参考:副業の帳簿・確定申告チェックリスト
副業を始めた・始めようとしている方向けに、最低限押さえておきたい実務チェックをまとめました。
開始前(1週間以内):
– [ ] 本業の就業規則で副業可否・申請要否を確認
– [ ] 副業専用の銀行口座を開設(プライベート資金と分ける)
– [ ] 会計ソフトを導入して記帳を習慣化(マネーフォワード クラウドで確認する手もある)
副業開始後3ヶ月以内:
– [ ] 副業所得が年20万円を超えそうか試算
– [ ] 経費の領収書を保管(PCや通信費の按分メモも残す)
– [ ] 住民税の普通徴収切り替えを確定申告時に忘れずチェック
年1回(確定申告前):
– [ ] 前年の収入・経費を集計
– [ ] 青色申告控除(最大65万円)の対象か確認
– [ ] e-Taxで申告書を作成・提出(3月15日期限)
通年:
– [ ] 月次で売上・経費を記録(帳簿を後でまとめない習慣)
– [ ] NISAやiDeCoの拠出状況を半期ごとに確認
– [ ] 年1回FPに家計全体の見直しを相談
このチェックリストを副業開始と同時に走らせておくと、後で「あのとき記録しておけば…」という後悔が減ります。
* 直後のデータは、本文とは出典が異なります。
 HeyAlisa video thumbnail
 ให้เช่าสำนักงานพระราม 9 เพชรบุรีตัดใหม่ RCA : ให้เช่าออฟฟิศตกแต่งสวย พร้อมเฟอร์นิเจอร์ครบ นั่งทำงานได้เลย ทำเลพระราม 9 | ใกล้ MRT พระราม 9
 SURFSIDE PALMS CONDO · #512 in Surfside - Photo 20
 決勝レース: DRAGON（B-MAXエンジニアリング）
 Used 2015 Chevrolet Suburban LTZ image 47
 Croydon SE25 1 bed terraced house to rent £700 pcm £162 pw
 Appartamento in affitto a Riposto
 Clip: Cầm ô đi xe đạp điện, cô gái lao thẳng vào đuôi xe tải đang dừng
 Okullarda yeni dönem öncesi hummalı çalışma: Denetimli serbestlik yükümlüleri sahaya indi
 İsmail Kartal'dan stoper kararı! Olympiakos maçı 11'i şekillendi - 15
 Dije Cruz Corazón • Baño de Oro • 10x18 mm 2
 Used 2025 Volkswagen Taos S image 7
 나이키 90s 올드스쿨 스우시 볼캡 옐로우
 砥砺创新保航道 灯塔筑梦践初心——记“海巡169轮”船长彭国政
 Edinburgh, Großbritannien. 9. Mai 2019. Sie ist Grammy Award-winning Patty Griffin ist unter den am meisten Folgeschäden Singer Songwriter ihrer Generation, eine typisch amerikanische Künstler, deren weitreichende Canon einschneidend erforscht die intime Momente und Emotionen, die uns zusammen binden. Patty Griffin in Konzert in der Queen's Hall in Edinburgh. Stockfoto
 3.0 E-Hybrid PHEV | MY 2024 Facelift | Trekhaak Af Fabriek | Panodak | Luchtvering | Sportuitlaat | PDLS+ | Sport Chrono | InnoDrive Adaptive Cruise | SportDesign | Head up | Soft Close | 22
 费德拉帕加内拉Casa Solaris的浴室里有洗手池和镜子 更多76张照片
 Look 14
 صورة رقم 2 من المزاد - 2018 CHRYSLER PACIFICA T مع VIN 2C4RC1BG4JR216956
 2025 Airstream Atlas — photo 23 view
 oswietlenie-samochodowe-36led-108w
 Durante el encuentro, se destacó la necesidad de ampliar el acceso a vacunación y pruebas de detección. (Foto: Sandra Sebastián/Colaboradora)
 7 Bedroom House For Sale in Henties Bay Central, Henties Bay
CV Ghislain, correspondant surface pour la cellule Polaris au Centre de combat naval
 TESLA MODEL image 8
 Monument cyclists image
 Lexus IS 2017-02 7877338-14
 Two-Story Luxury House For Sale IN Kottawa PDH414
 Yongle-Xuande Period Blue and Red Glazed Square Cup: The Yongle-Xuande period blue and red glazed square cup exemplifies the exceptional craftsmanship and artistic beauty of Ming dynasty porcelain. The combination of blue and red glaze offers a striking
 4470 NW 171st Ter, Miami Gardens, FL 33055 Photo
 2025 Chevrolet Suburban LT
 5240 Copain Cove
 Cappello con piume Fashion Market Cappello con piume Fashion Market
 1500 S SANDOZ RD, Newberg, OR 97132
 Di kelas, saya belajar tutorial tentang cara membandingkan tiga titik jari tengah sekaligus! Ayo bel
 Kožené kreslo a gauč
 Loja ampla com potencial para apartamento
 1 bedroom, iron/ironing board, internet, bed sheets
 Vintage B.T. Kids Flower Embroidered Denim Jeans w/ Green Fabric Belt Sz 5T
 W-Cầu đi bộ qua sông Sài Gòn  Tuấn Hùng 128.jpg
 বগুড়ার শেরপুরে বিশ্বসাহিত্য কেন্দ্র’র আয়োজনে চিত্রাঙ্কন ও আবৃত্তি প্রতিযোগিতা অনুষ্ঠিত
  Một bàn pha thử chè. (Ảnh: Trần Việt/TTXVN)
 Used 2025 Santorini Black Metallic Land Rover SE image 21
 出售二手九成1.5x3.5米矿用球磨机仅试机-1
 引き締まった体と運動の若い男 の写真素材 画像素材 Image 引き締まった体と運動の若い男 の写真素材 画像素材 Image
アフィリエイトや広告収入を含む副業の帳簿管理は、もしもアフィリエイトのような収益管理ツールと会計ソフトを連携させると集計の手間が大幅に減ります。
副業収入と投資の組み合わせは、正解が一つではありません。大事なのは「自分の状況に合った判断をするための情報を持つこと」。この記事がその第一歩として使えたなら幸いです。